[Information given Boundary: Start]

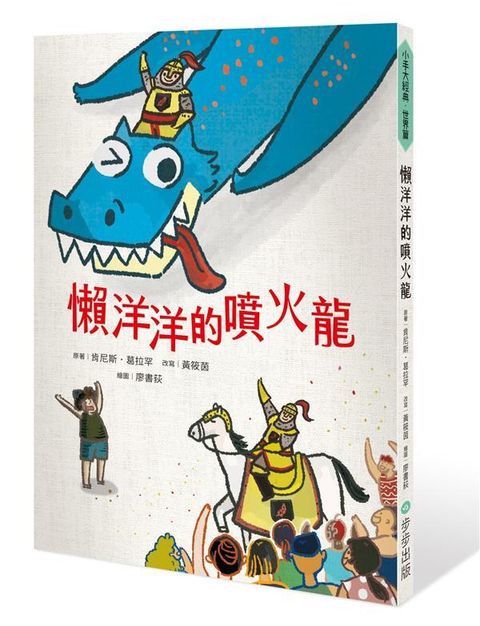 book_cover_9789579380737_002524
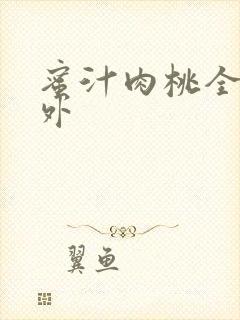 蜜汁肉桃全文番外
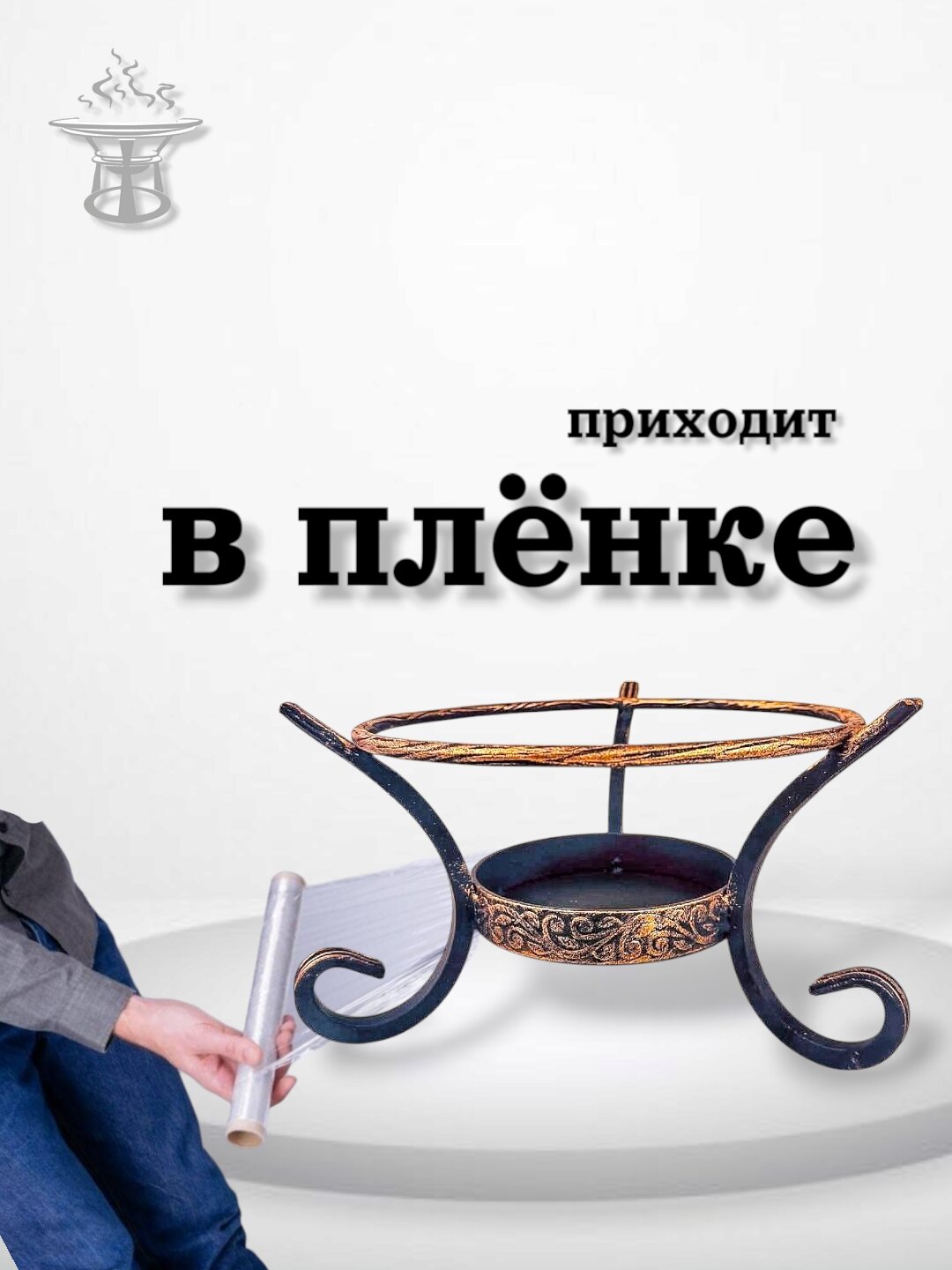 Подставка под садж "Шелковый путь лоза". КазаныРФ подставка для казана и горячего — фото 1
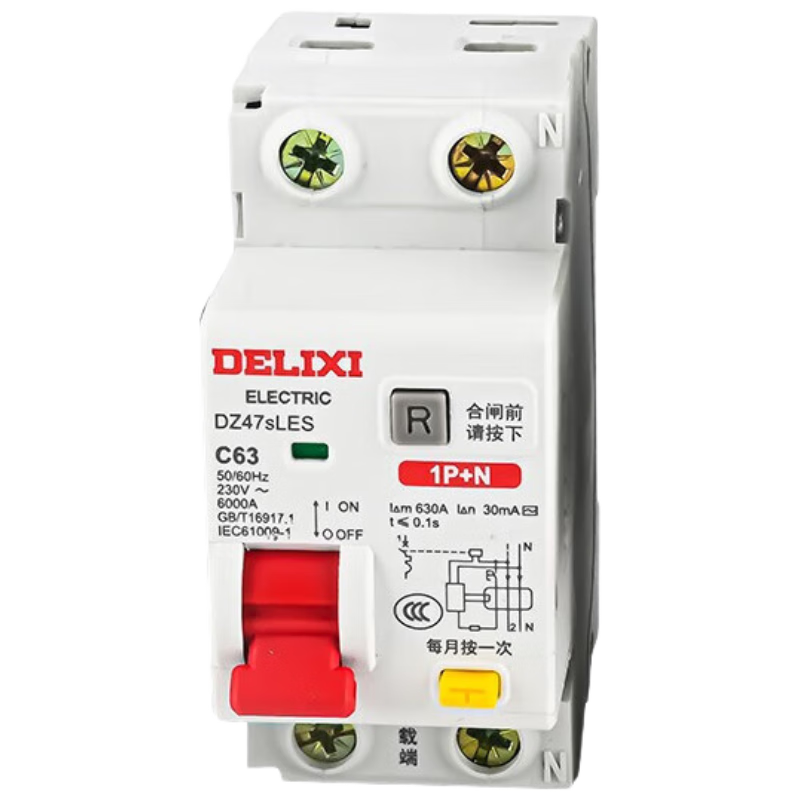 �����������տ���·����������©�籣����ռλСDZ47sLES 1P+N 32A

[Information given Boundary: End]
[Information given Boundary: Start]

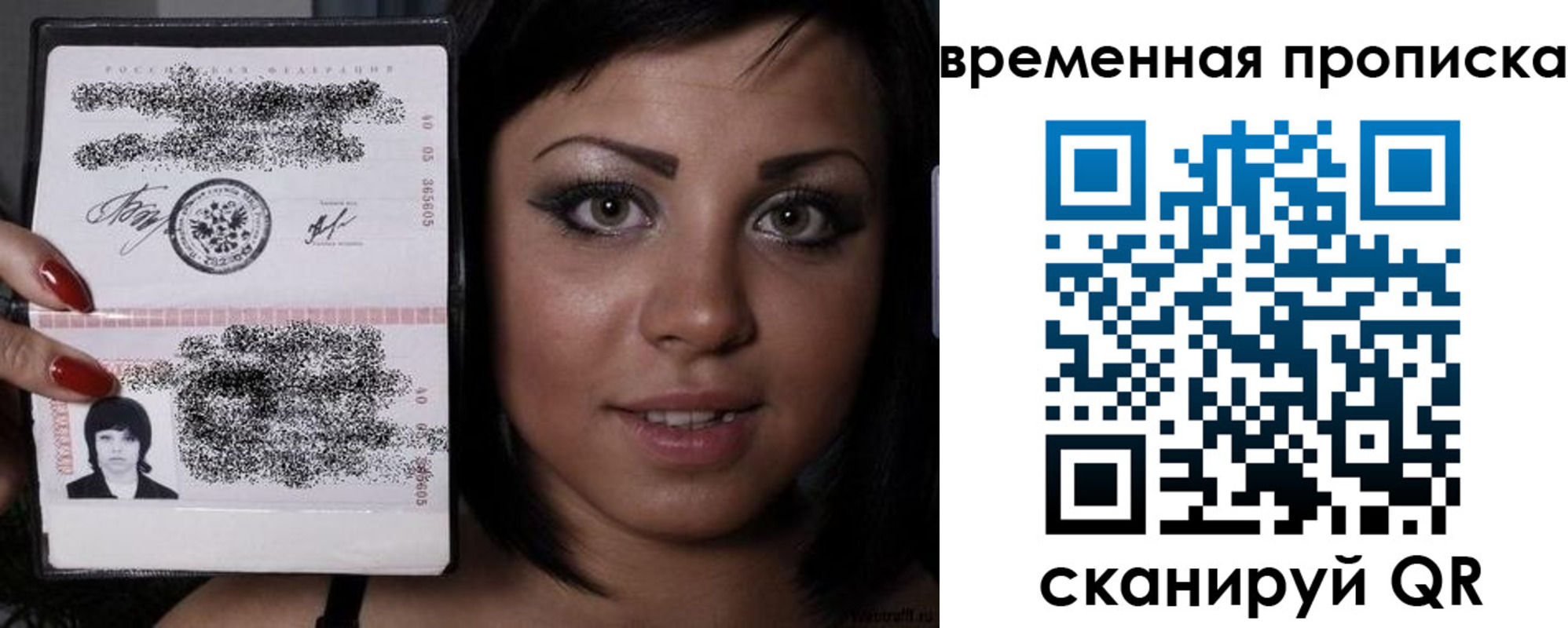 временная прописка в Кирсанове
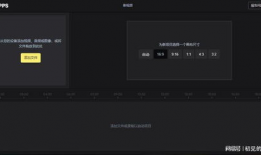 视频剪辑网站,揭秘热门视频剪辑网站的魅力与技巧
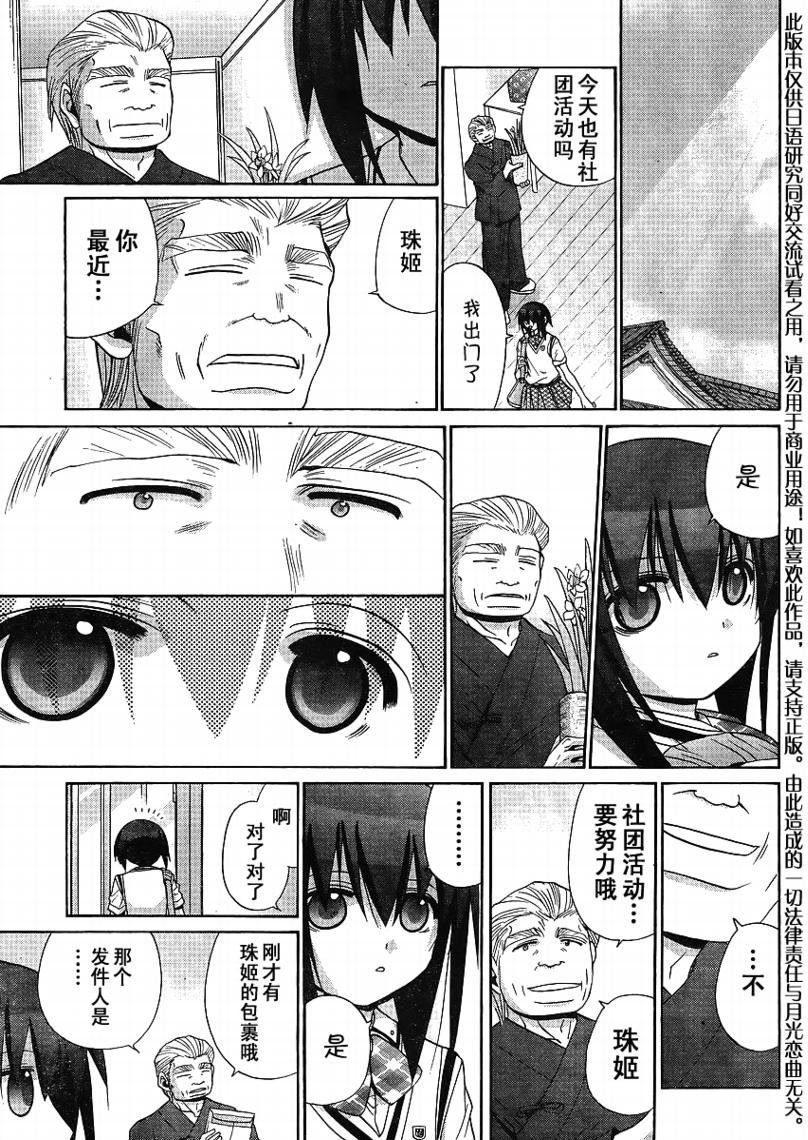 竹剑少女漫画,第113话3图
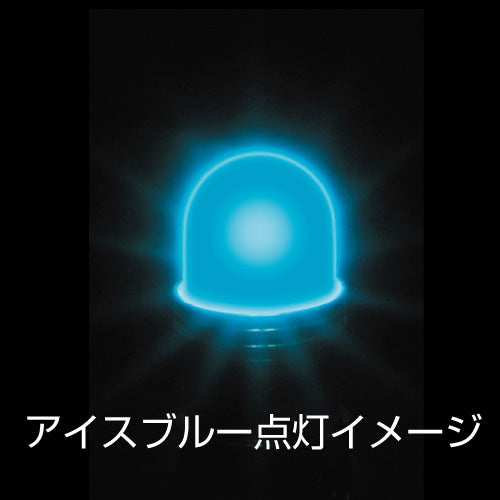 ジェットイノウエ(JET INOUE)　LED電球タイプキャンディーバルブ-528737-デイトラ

[Information given Boundary: End]

Set down exactly the lines above, from the line containing "временная прописка в Кирсанове" through the line containing "ジェットイノウエ(JET I". Skip the pictures.

 временная прописка в Кирсанове
 视频剪辑网站,揭秘热门视频剪辑网站的魅力与技巧
 竹剑少女漫画,第113话3图
 ジェットイノウエ(JET INOUE)　LED電球タイプキャンディーバルブ-528737-デイトラ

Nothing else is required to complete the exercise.